David Price voted against going to war in 2002, but only after he was forced to take a stand by the pressure from protests, petitions and an office occupation by students that led to three arrests. Since then, Price has repeatedly stated he has always been opposed to the war, but like many other Democrats, refuses to take any effective action to end it. Specifically, Price says he will not vote to cut off war funding as this would “not support the troops.”

A statement from the organizers of the protest, University of North Carolina-Chapel Hill Students for a Democratic Society (SDS), said: “The Democratic Party won the 2006 midterm elections on the basis of mass opposition to the war.
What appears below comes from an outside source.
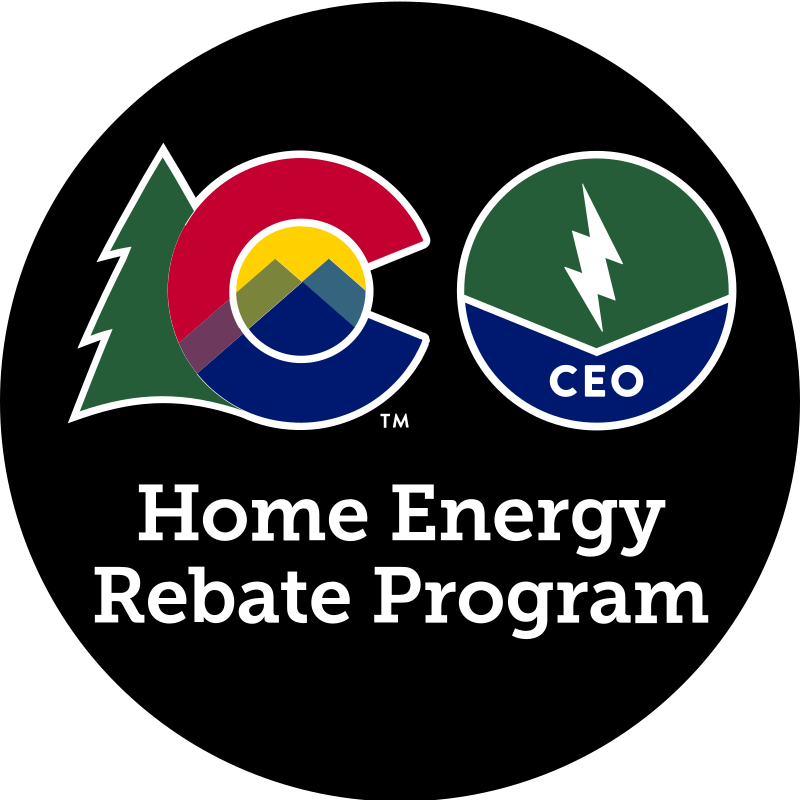 Circular logo with Colorado and CEO symbols above the words "Home Energy Rebate Program" on a black background.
Now, three months later, they are betraying the anti-war mandate handed down by the people on November 7th and escalating this criminal war, which has already resulted in the deaths of over 650,000 Iraqis and 3,000 young Americans. Any politician who claims to be against the war has to prove it. We demand concrete, immediate, effective action - not lukewarm resolutions about “phased withdrawal” or “troop redeployment.” We want all funding cut off and the troops out NOW, and we will hold the politicians’ feet to the fire until the will of the people is met!”

Inside the office, David Price’s aides talked to the student protesters, took notes during the discussion and asked questions. When the students refused to leave without a guarantee that Price would vote against funding for the Iraq war, the aides called the police. Within 30 minutes the police began to haul away the students, one at a time. Meanwhile a banner that read, “Closed for business” was unfurled from the roof of Price’s office while protesters on the picket line chanted loudly in support of the detained protesters.
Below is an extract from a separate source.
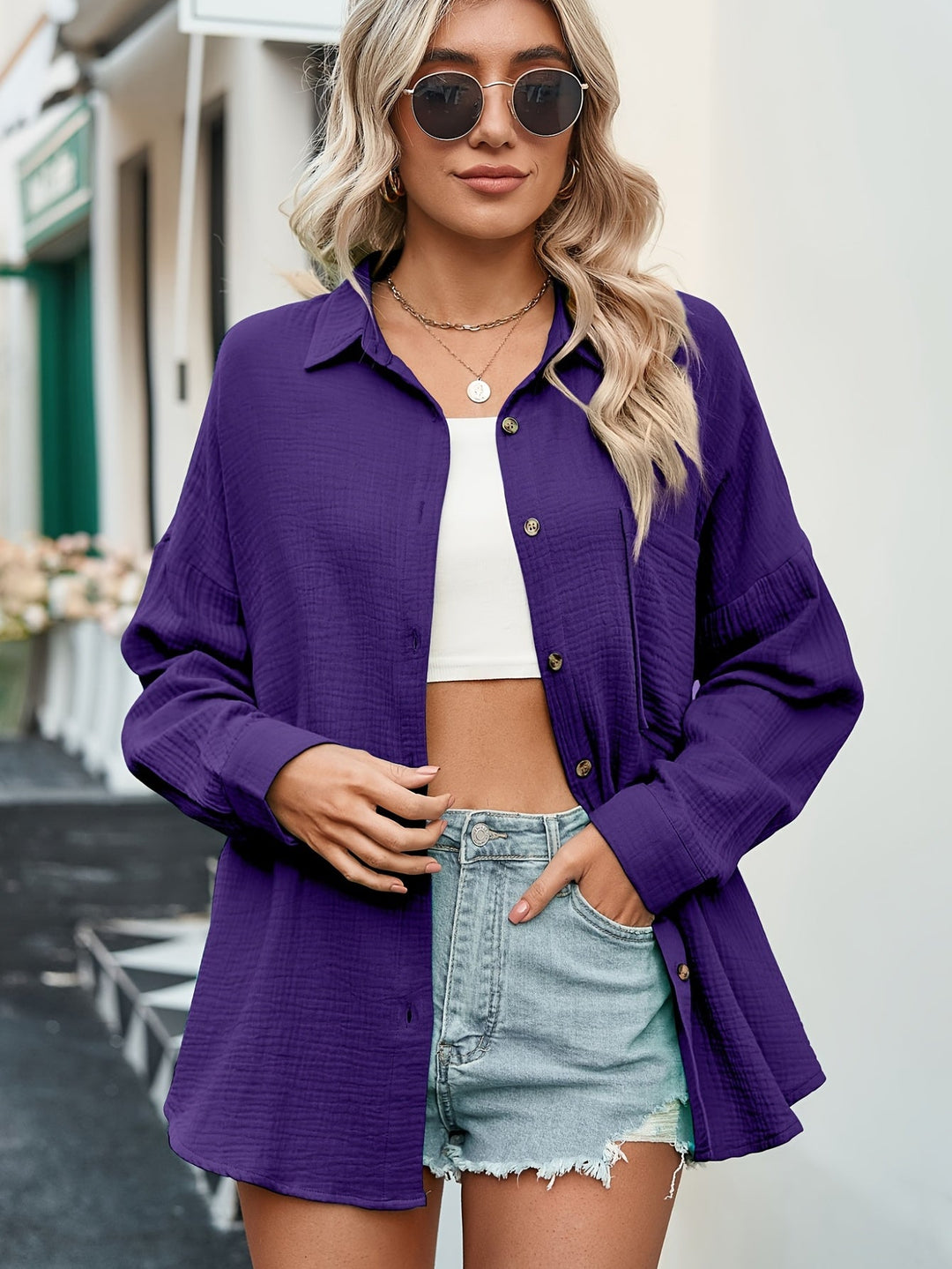 Serelis | Elegante Oversize-Hemdbluse Damen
Alisan Fathalizadeh was reading the SDS statement to the press and Price’s aides when Chapel Hill police broke her lock with the other activists and handcuffed her. It was Fathalizadeh’s first time being arrested at a protest. Asked how she felt about the demonstration afterwards, she said, “This is the least we can do. It’s nothing compared to all the anguish and suffering that people in Iraq are dealing with, the people who are seeing others die everyday.”
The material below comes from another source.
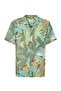 Men's Green Printed Resort Collar Short Sleeve Shirt - 3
Fathalizadeh continued, “We are fed up with the system - and with the old tactics. We’ve petitioned, we’ve done rallies; we’ve even had members of the community go directly to Price and talk to him, to express our concerns in a more ‘civil’ manner. But this demonstration shows how much we are fed up with what’s going on. It’s horrible that it’s come down to this, but it shows how big the problem is and how it needs to be changed now. We won’t wait any longer.”

All six students were released on bail and are scheduled to appear in court on March 26 at 9:00 a.m. in Hillsborough.

In the meantime, UNC-Chapel Hill SDS and antiwar activists in the area plan to increase the pressure on David Price and other elected officials until they respond to the people’s demands.